Problem requirements – Print out the data precisely as it appears here, with no pictures.
** Opening Study material block **
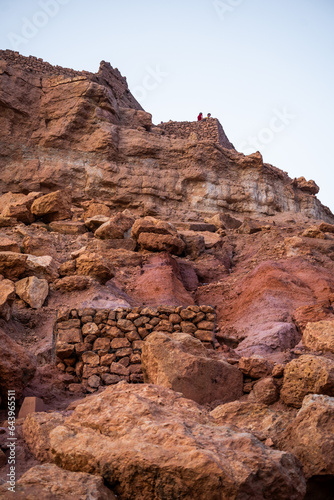 Details of Ait Benhaddou fortress town close to Ouarzazate in Morocco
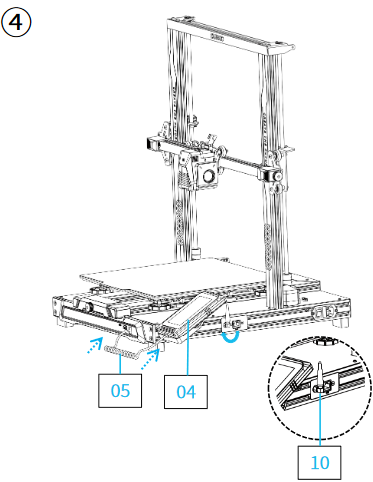 Machine-installatie - Stap 4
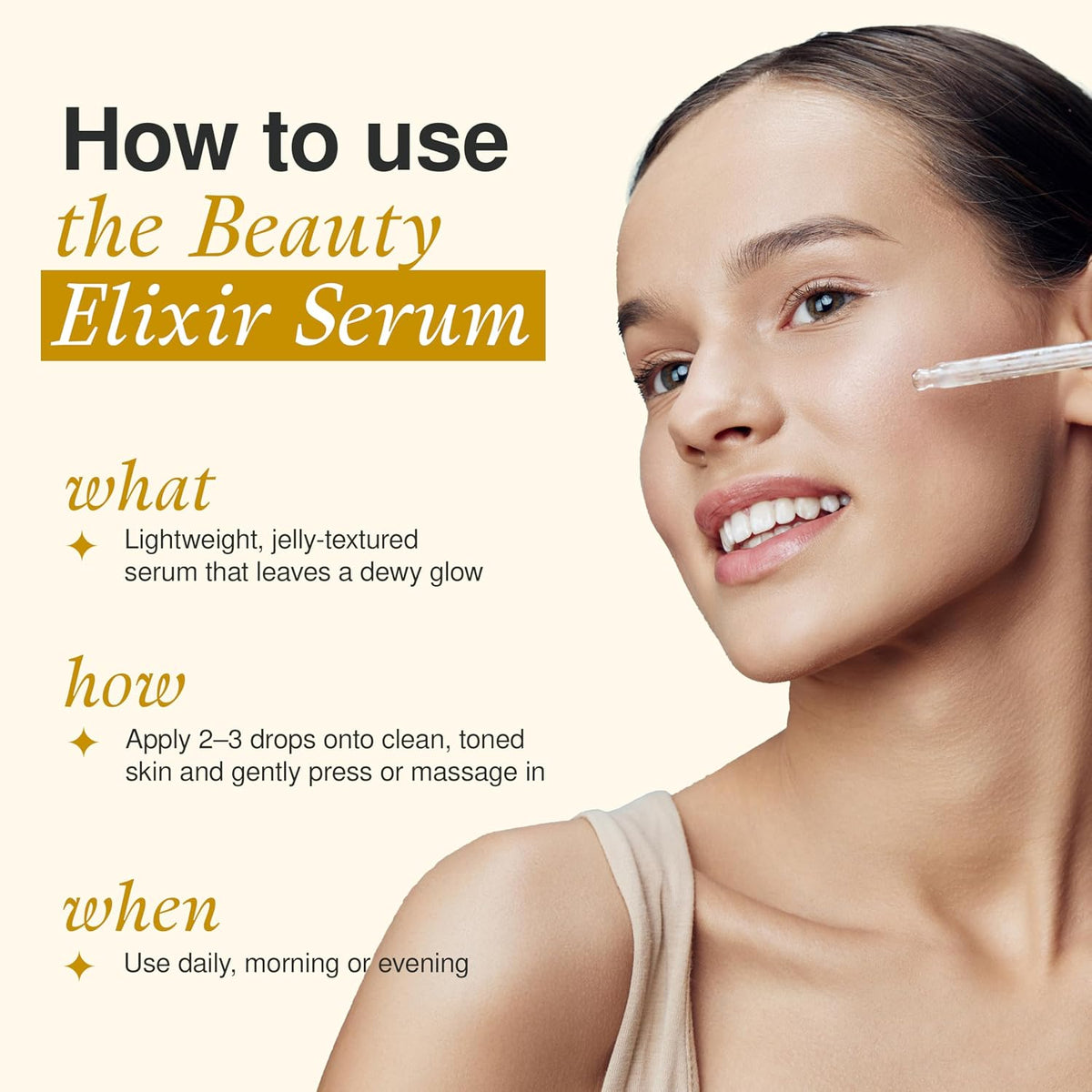 The Beauty Elixir - Suero de colágeno para cara con oro de 24 quila...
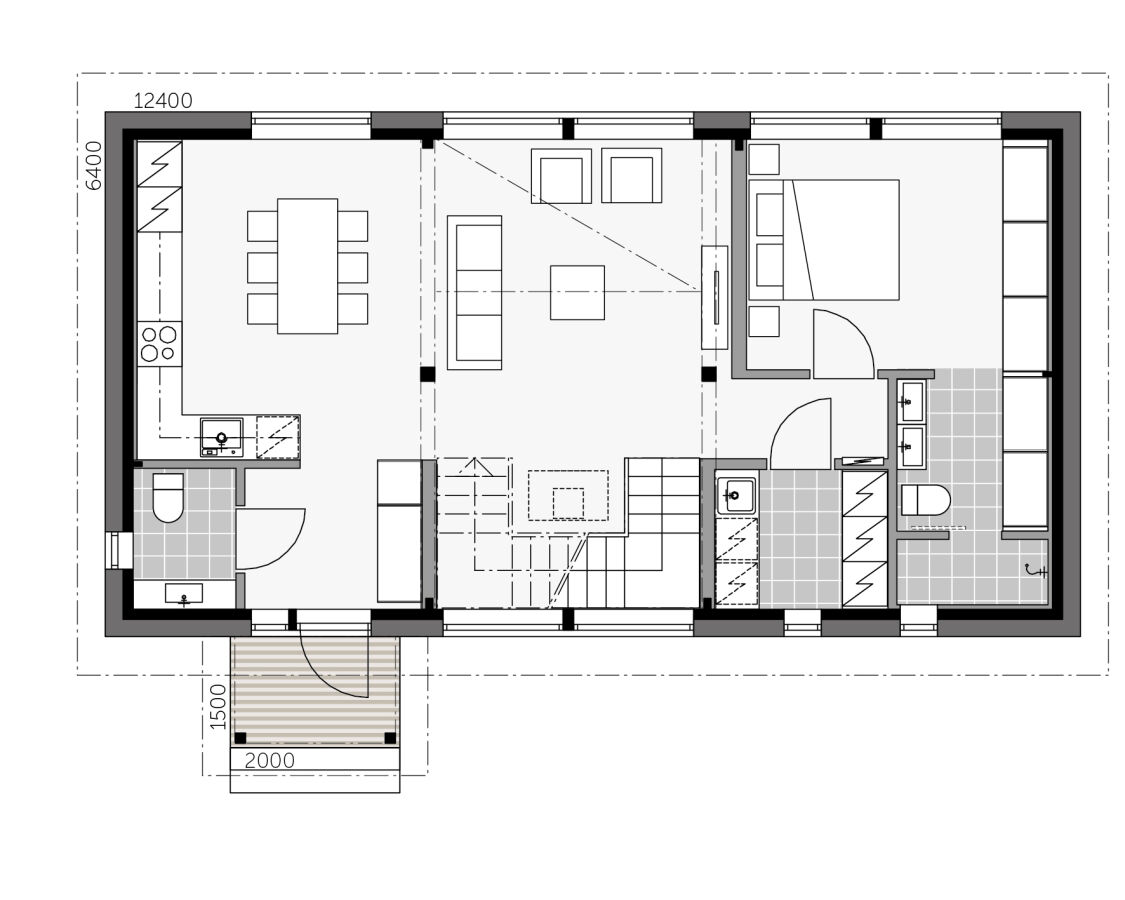 Log House - EX150 GF Plans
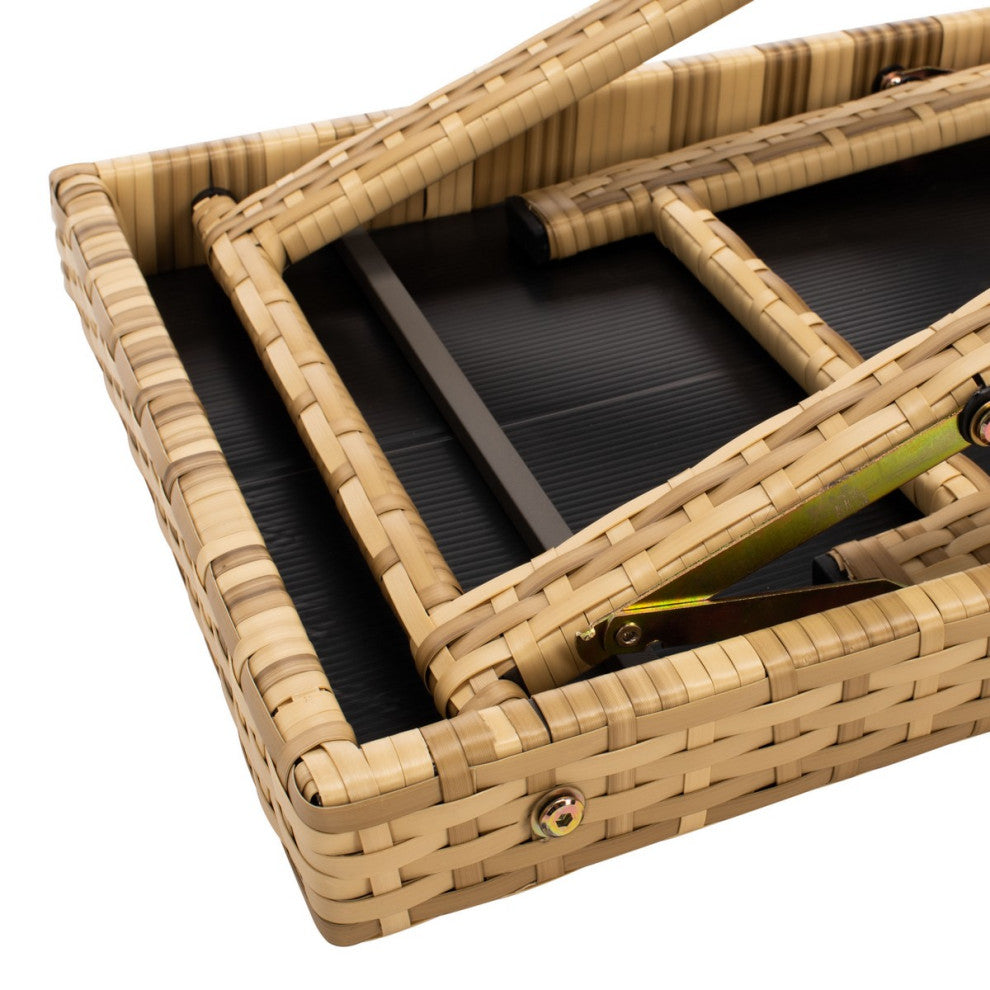 Safavieh Carew 3Pc Sun Lounger Set, Natural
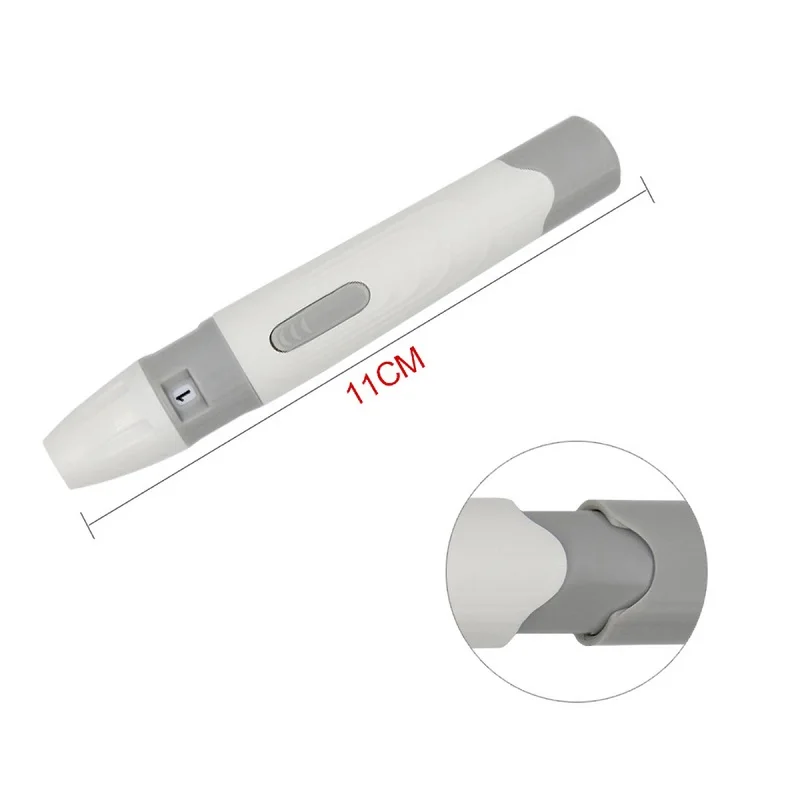 1 Sampling Pen OLIECO GLM-75 0.8ul диабетический измеритель уровня глюкозы в крови полоски ланцеты мг/дл медицинский точный Смарт авто кодирование 8S глюкометр большой экран - Цвет: 1 Sampling Pen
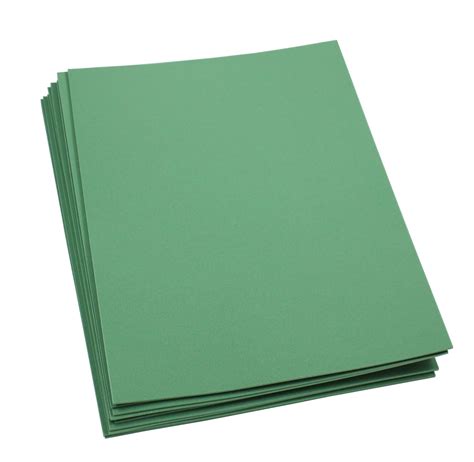 TCR Craft Foam -9" x 12" Sheets-Kelly Green-10 Pack- 2mm Thick : Amazon ...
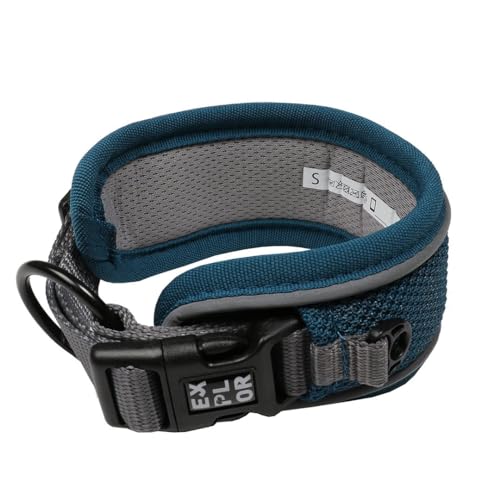 Duvo+ Control Halsband Classic Petrol Blau M - 39-44cm von Duvo+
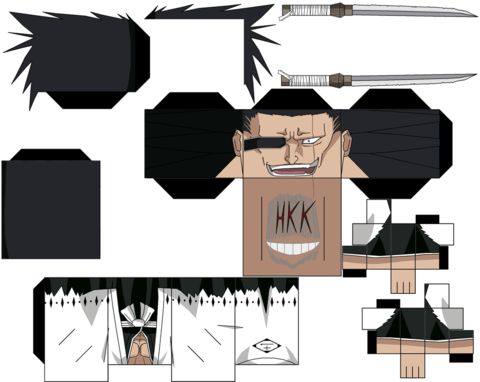 Çocuklar İçin  Bleach Kağıt Kübik Oyuncaklar Şablonu  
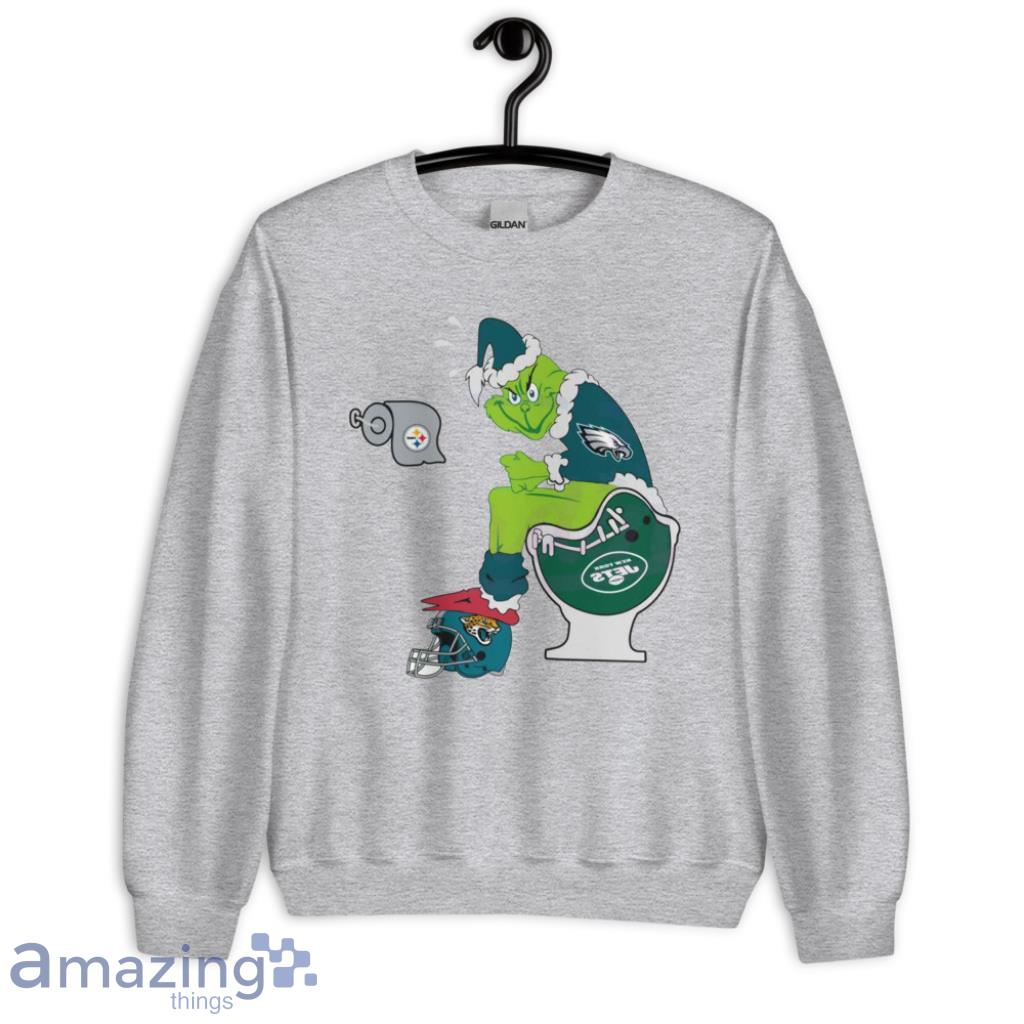 Santa Grinch Philadelphia Eagles Christmas Shirt, Long Sleeve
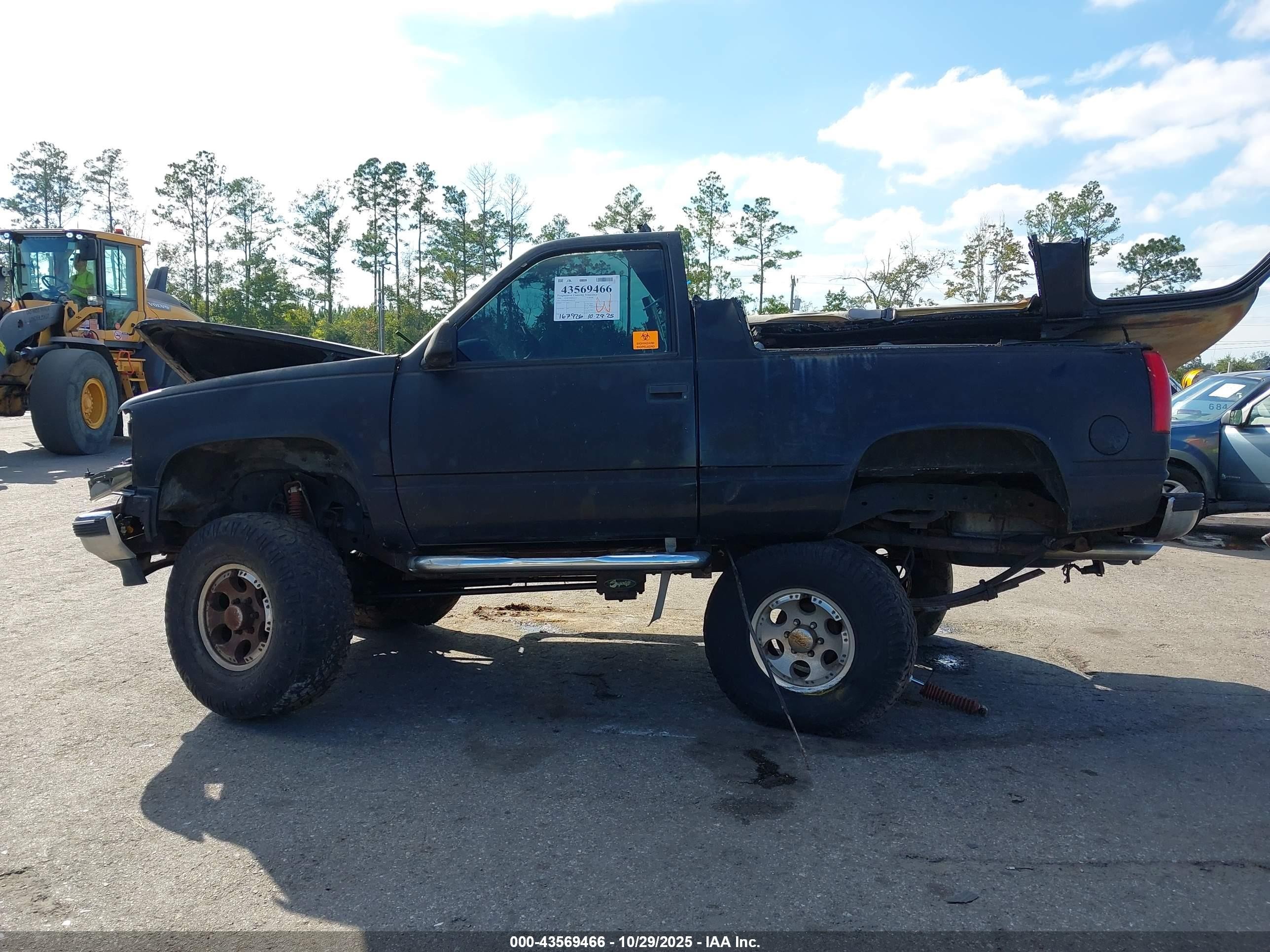 1996 Chevrolet Tahoe K1500 Черный vin: 3GNEK18R5TG161332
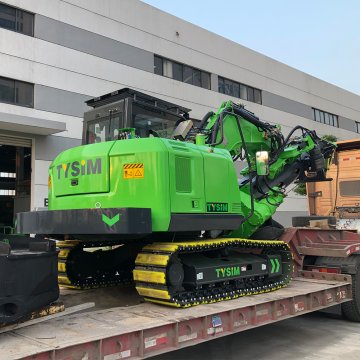 TYSIM Maximum Traveling Speed 5.6kw/h Drilling Pile Driving Rig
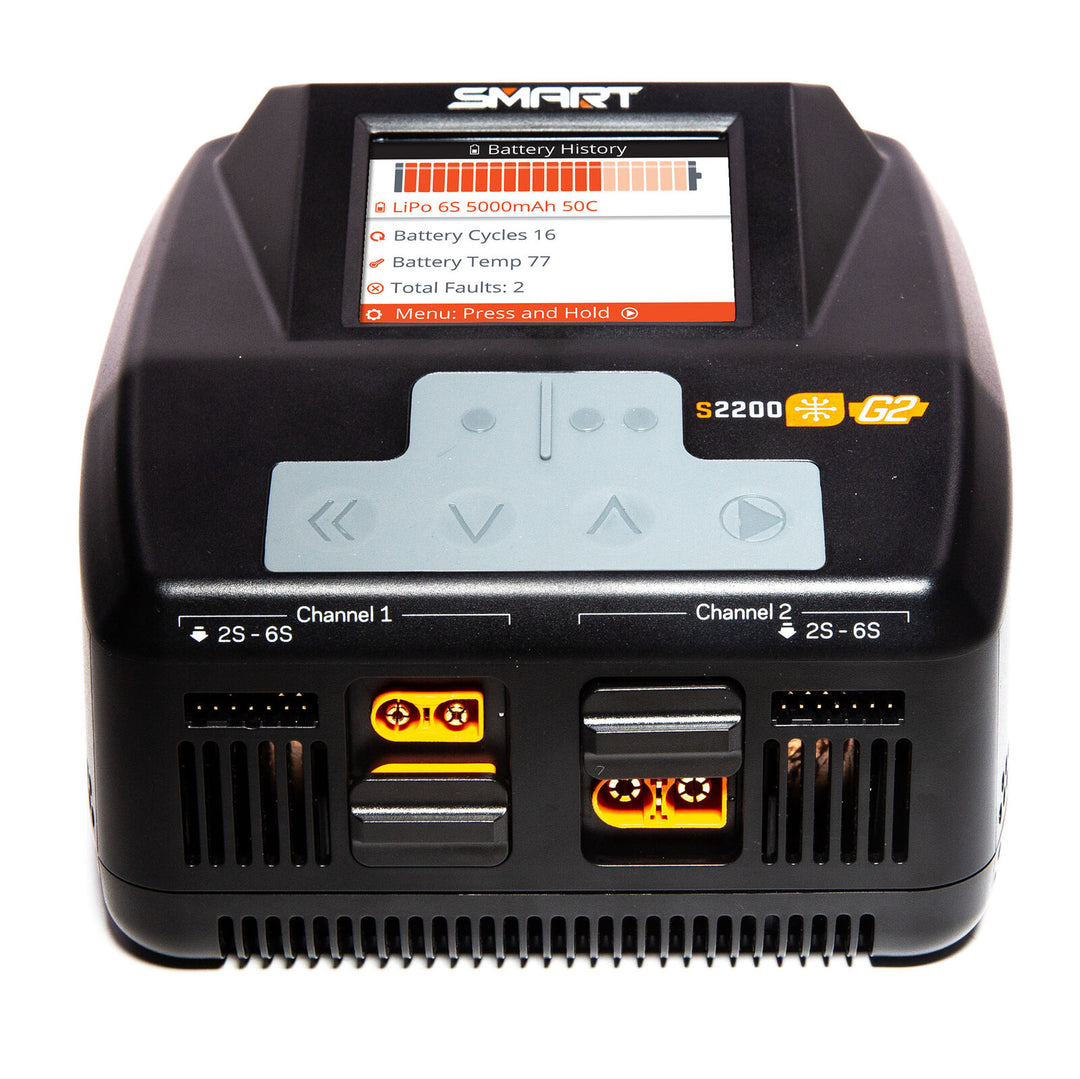Spektrum - S2200 G2 AC 2x200W Smart Battery Charger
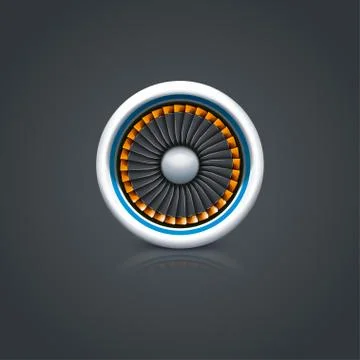 Turbine Stock Illustration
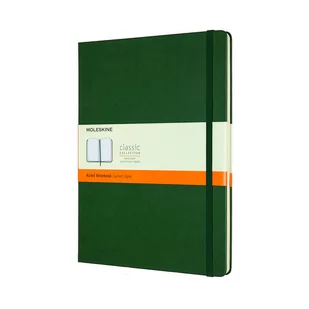 Moleskine 8058647629100 notatniki - klasyczna kolekcja Xlarge, w linie, twarda okładka zieleń mirtów - Artykuły biurowe - miniaturka - grafika 1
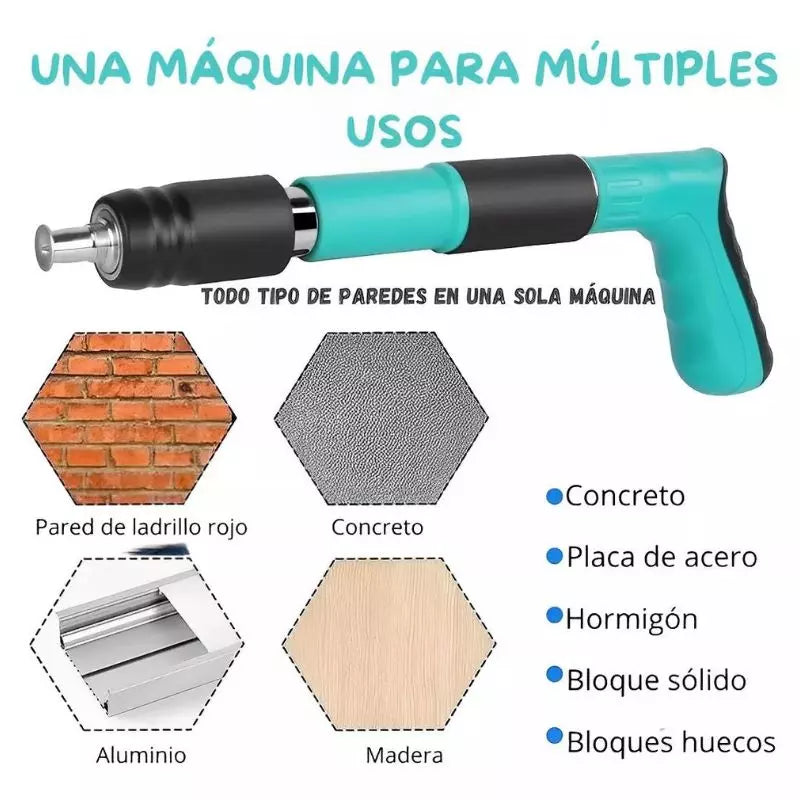 Herramienta de fijación con clavos🔩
** Closing Study material block **
Task response –
 Details of Ait Benhaddou fortress town close to Ouarzazate in Morocco
 Machine-installatie - Stap 4
 The Beauty Elixir - Suero de colágeno para cara con oro de 24 quila...
 Log House - EX150 GF Plans
 Safavieh Carew 3Pc Sun Lounger Set, Natural
 1 Sampling Pen OLIECO GLM-75 0.8ul диабетический измеритель уровня глюкозы в крови полоски ланцеты мг/дл медицинский точный Смарт авто кодирование 8S глюкометр большой экран - Цвет: 1 Sampling Pen
 TCR Craft Foam -9" x 12" Sheets-Kelly Green-10 Pack- 2mm Thick : Amazon ...
 Duvo+ Control Halsband Classic Petrol Blau M - 39-44cm von Duvo+
 Çocuklar İçin  Bleach Kağıt Kübik Oyuncaklar Şablonu  
 Santa Grinch Philadelphia Eagles Christmas Shirt, Long Sleeve
 1996 Chevrolet Tahoe K1500 Черный vin: 3GNEK18R5TG161332
 TYSIM Maximum Traveling Speed 5.6kw/h Drilling Pile Driving Rig
Spektrum - S2200 G2 AC 2x200W Smart Battery Charger
 Turbine Stock Illustration
 Moleskine 8058647629100 notatniki - klasyczna kolekcja Xlarge, w linie, twarda okładka zieleń mirtów - Artykuły biurowe - miniaturka - grafika 1
 Herramienta de fijación con clavos🔩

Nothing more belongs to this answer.